▸ **What is required**
Write the data out again exactly, with no pictures.

▸ **Supplied material**
+++

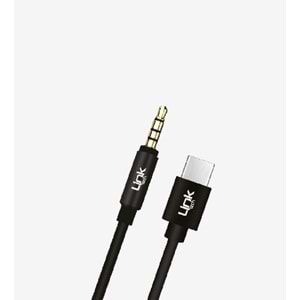 LİNK-TECH A586 1M ÖRGÜLÜ 3.5MM TYPE-C İN AUX KABLO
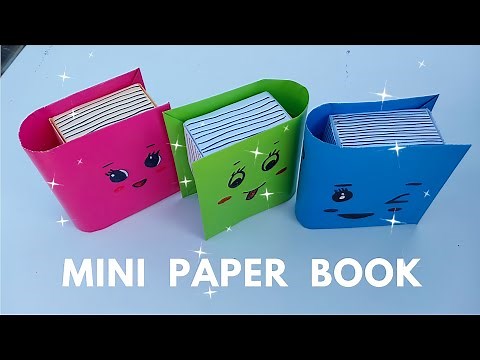 how to make mini paper book | origami book | DIY paper book | paper book tutorial | paper craft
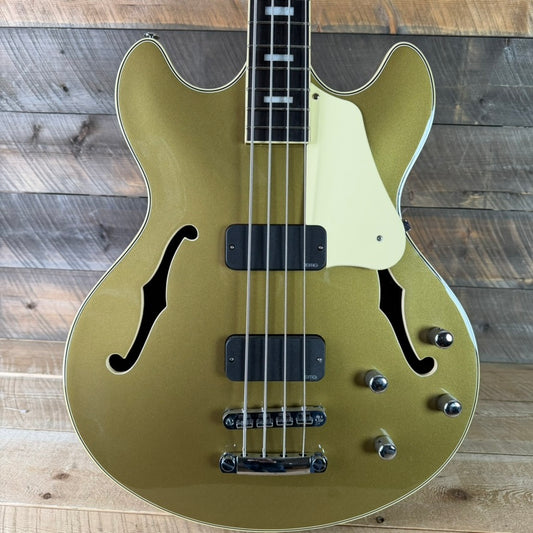 Used Schecter Corsair Bass Metallic Gold Excellent Condition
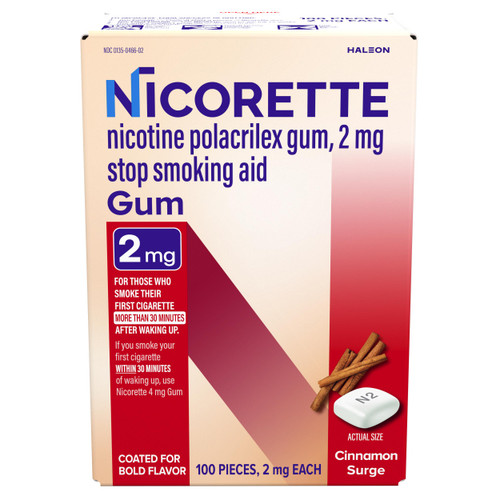 2mg Nicotine Gum Cinnamon Surge (100 Ct)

+++

▸ **Worked solution**
 LİNK-TECH A586 1M ÖRGÜLÜ 3.5MM TYPE-C İN AUX KABLO
 how to make mini paper book | origami book | DIY paper book | paper book tutorial | paper craft
 Used Schecter Corsair Bass Metallic Gold Excellent Condition
 2mg Nicotine Gum Cinnamon Surge (100 Ct)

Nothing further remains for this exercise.